A tasting flight at Emerson’s
In 2020, Chris ‘Noisy’ Noyes now heads up Dunedin’s smallest craft brewery, about 5km southwest of the central city and only open for on-site tastings and takeaway riggers on Thursday, Friday and Saturday afternoons. Despite his epiphany with Emerson’s style-defining Pilsner, he’s a big fan of dark beers and earlier Noisy Brewing releases include a stout made with Dunedin’s Harpoon Cold Brew Coffee. Today’s selection includes Noisy’s Touch the Dragon stout with chocolate, coffee and vanilla, and the Railway Lane porter is infused with local blackberries from Outram on the city’s rural fringe.
Despite the dark beer excellence on display, it’s Noisy’s crowd-pleasing Highness Hazy IPA that’s most popular with regulars popping in for their Friday afternoon tap fills. Inspired by hyper-local breweries in the United States, Noyes’ aim is to build a loyal local following, with tap beers available only from the brewery and from a few select bars in central Dunedin. Still enjoying the juicy Mosaic and Cryo Citra smoothness of the hazy, I make a mental note to check out what’s pouring at Sessions, Dunedin’s best independent craft beer bar.

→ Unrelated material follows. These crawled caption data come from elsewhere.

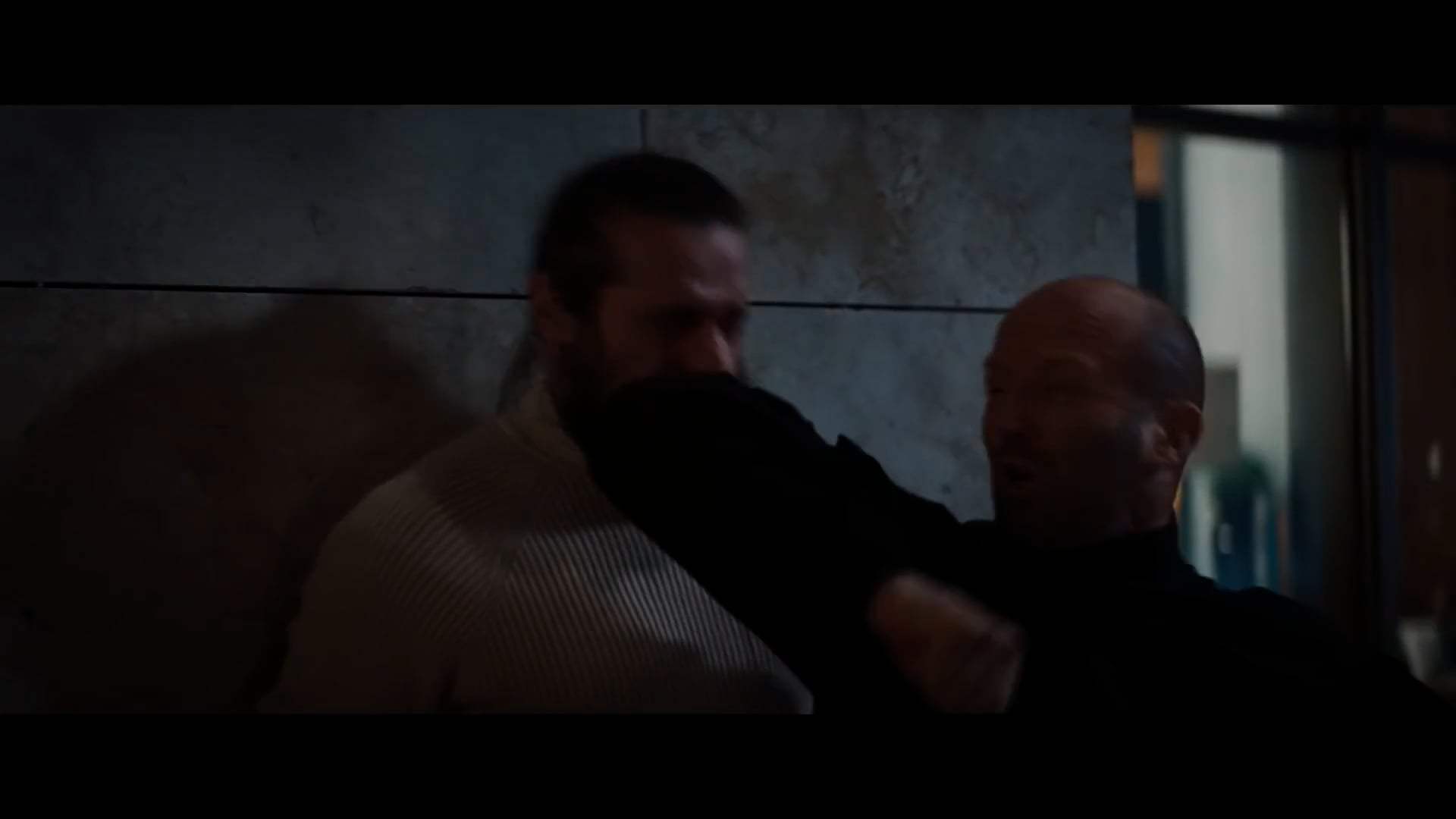 Operation Fortune: Ruse de guerre Trailer (2022) Screen Capture #4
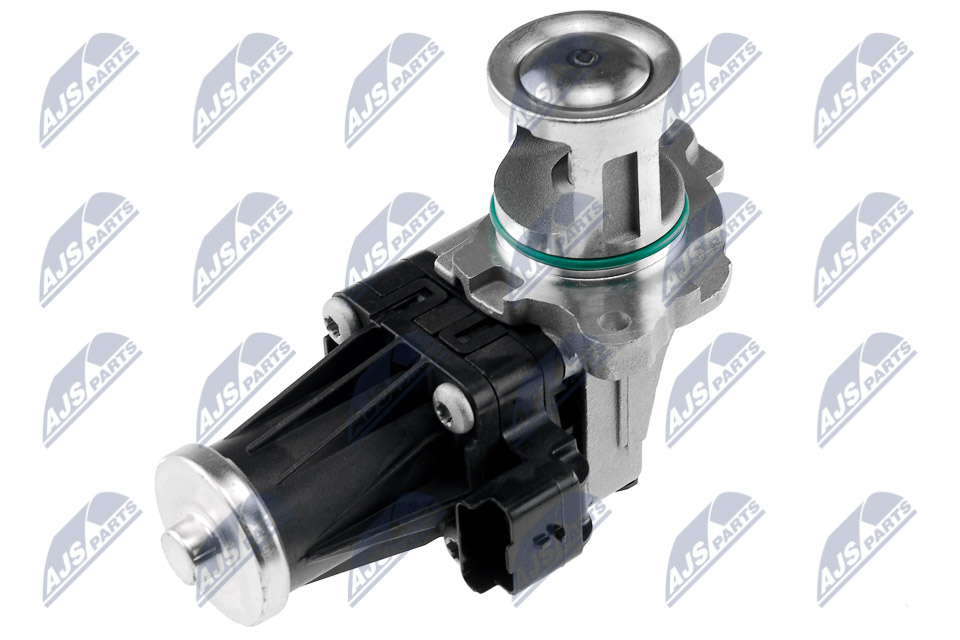 EGR Valve - EGR-FR-010 NTY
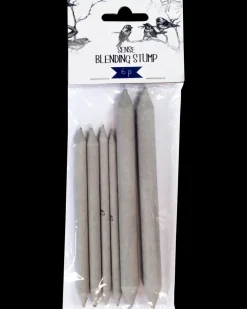 Sense Stubbe 6 stk.| Øvrige Hobbyartikler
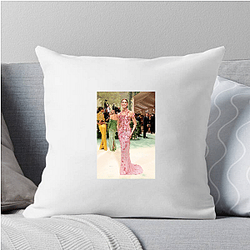 Runway Star Karlie Kloss Pillows Cover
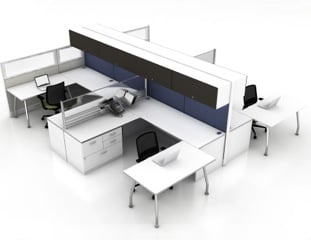 Photo of Interior Office Systems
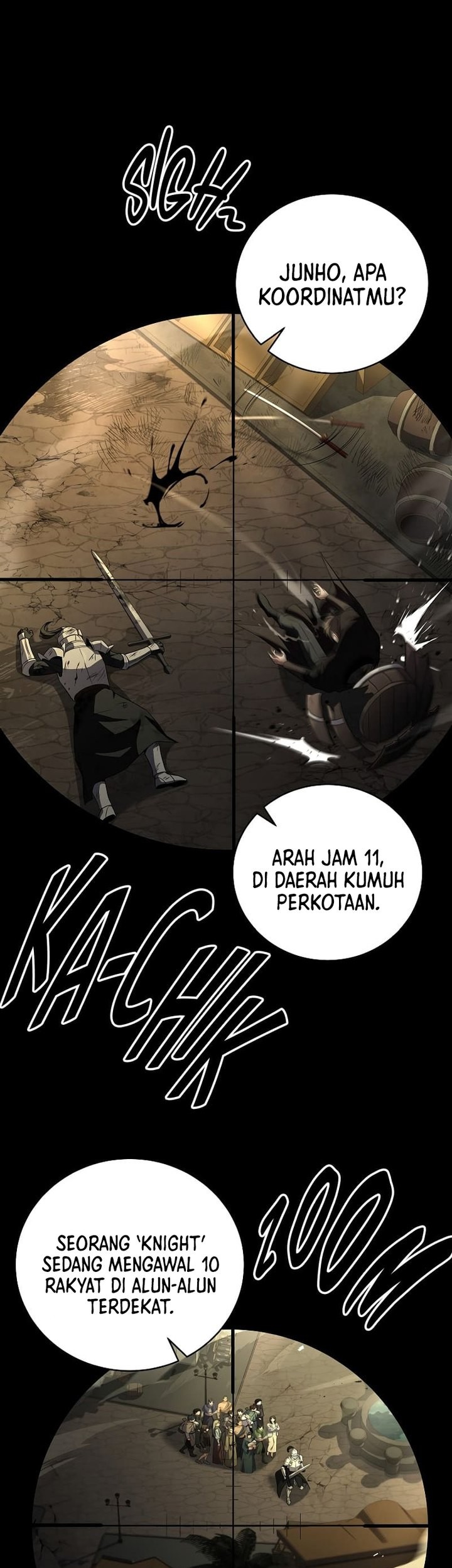 Chapter 140 - halaman 30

Keeping it local is also important at Arc Brewing, an easy 22km drive north of the city at Blueskin Bay. Formerly a garage and the Blueskin Bay pub, the roadside location has been transformed into a rustic, but stylish taproom by the shared talents of ex-builder Jono Walker, and his partner, interior designer Emma Parsons. Food trucks drop by from Friday to Sunday, and they are also keen to host Dunedin bands and musicians.
After home brewing adventures in Sydney, they returned to Otago to open Arc in December 2018. Walker’s keen on crafting mixed culture Brettanomyces-spiked saisons brewed by the likes of Sydney’s Wildflower Brewing and Jester King in the Texas Hill Country, and Arc’s initial taplists were definitely saison-heavy.

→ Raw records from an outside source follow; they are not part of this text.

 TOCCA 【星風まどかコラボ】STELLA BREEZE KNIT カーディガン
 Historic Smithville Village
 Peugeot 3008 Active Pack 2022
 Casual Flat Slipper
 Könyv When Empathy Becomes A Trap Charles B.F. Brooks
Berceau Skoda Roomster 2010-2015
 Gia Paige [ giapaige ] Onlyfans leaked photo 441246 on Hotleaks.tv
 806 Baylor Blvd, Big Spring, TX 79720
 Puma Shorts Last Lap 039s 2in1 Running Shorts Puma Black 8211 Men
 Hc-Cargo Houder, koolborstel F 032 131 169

A few wild-fermented experiments are maturing nicely in the background, but Arc has now expanded to a more diverse range of tap brews. A rotating series of hazy brews are the biggest sellers, and crafted by Walker they’re usually sessionable at under 5 percent ABV. Brews exclusively available at the taproom include a 4.8 percent hazy with the trans-Tasman hop combo of Galaxy and Nelson Sauvin, while Nelson’s finest are also used for a bone-dry citrus saison. Like Noisy Brewing, Arc also works with local producers. Previous collaboration brews include a creamy chocolate and peanut butter stout made with Bay Road Peanut Butter, and Walker’s hosting a session pairing beers with Ochco Chocolates at Dunedin’s Craft Beer & Food Festival.
Arc Brewing’s Jono Walker
Another festival session combines Whitestone cheese from Oamaru and sour beers from Dunedin’s New New New Corporation. Launched in early 2017, the brewery’s always had an eye on innovation and intrigue – including a quirky smoked eel stout and some of New Zealand’s best sour beers – and New New New’s brewery and taproom in a repurposed gold rush-era coach house is a bustling spot on a Friday night.

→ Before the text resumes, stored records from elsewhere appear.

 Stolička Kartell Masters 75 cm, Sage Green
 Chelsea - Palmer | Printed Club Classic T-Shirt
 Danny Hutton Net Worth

Japanese-inspired burgers from the onsite Yum Cat kitchen pair well with a tasting flight that’s evidence of New New New’s slight transition to a broader, more accessible offering. Juicy haziness comes from Obfu$cate’s notes of citrus and stone fruit, while Lemon-Tomo is an approachable lemon and berry sour ale. A personal favourite is Super, a punchy rye pale ale made on New New New’s HEBS (High Efficiency Brewing System), a super-flexible set-up unique to breweries in New Zealand.
A more recent innovation comes from the launch of the New Sun hard sparkling range, a low-calorie and low-sugar 6 percent option with summer-friendly flavour combinations, including lemon and clementine, and peach and ginger. Factor in New New New’s planned launch of onsite apartment accommodation, including entertaining spaces, spa pools and the compelling lure of free-flow, self-service beer taps in the kitchens, and the brewery’s profile as industry innovators is set to continue.